Another study is under way to characterize the actual benefit of this combination therapy, researchers said.
Another potential therapy is an engineered CD40 antibody, 2141-V11, that can bind to a specific immune receptor and, when directly injected into tumors, can trigger a systemic immune response. In a phase 1 trial, 6 of the 12 patients with advanced cancers that had spread to the skin, including melanoma, breast cancer and kidney cancer, saw their tumors shrink, including two patients who achieved complete responses that lasted more than a year.

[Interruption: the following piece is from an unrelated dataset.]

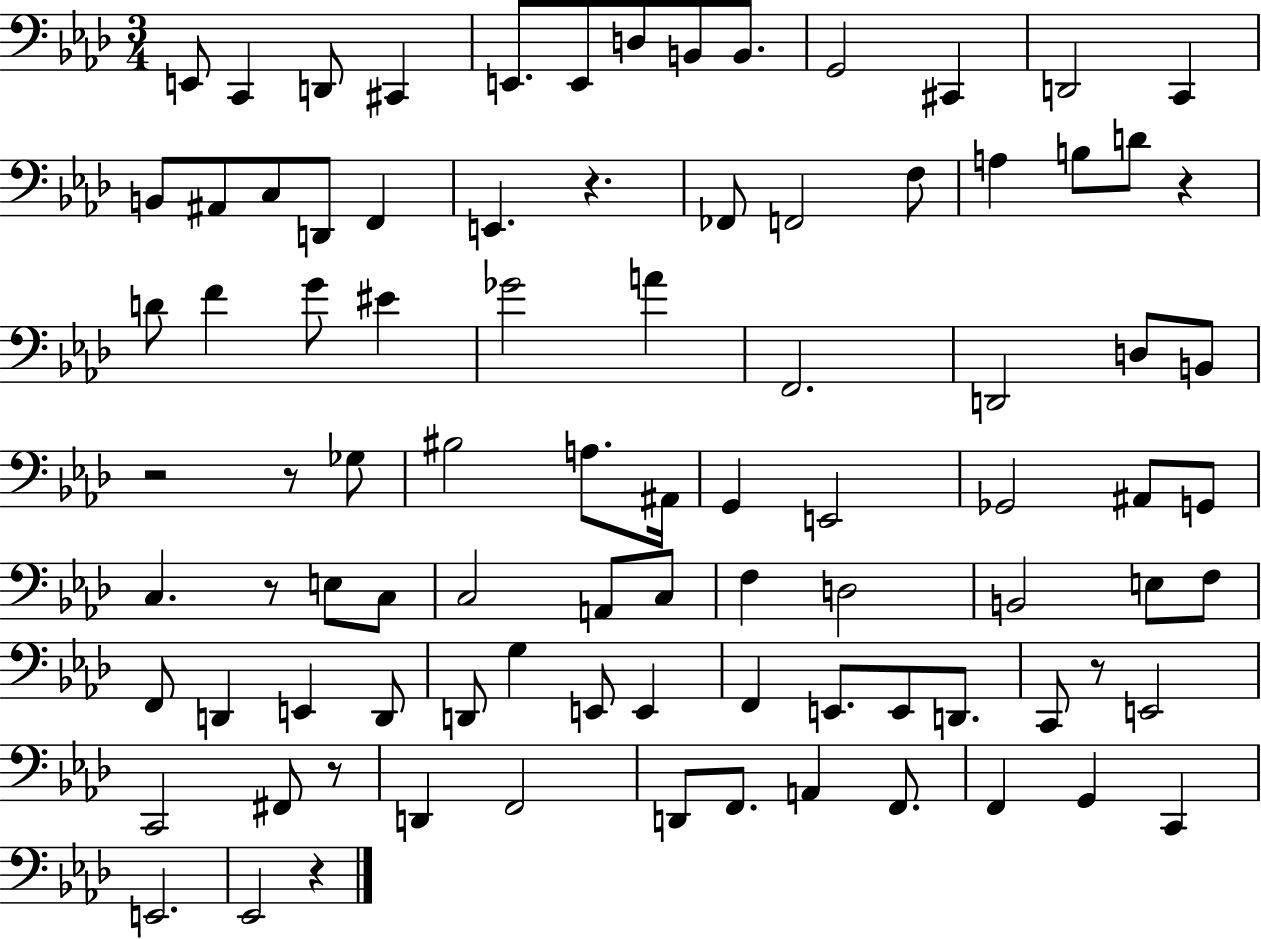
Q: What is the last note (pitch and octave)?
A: Eb2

“Seeing these significant shrinkages and even complete remission in such a small subset of patients is quite remarkable,” first author Juan Osorio, M.D., said in a news release. Osorio is a medical oncologist at Memorial Sloan Kettering Cancer Center. The research was
Several ongoing studies are now testing 2141-V11 in either phase 1 or phase 2 trials in specific cancer types, including bladder cancer, brain tumors, and prostate cancer.
A development in cancer detection is a wearable patch that one day could be used to determine whether moles or other lesions on the skin are cancerous. The patch measures distinct electrical patterns, which indicates how easily electrical signals pass through living tissue. Cancerous areas have different electrical properties than healthy skin because malignant tumors affect cell shape, density, and blood flow. The device can detect these differences, providing information beyond what visual inspection typically provides.
The patch works without batteries or computer chips and uses magnetic signals from a separate reader device to measure how easily electrical currents pass through skin tissue. It was developed by Mohammad J. Moghimi, Ph.D., assistant professor of biomedical engineering at Wake Forest University School of Medicine.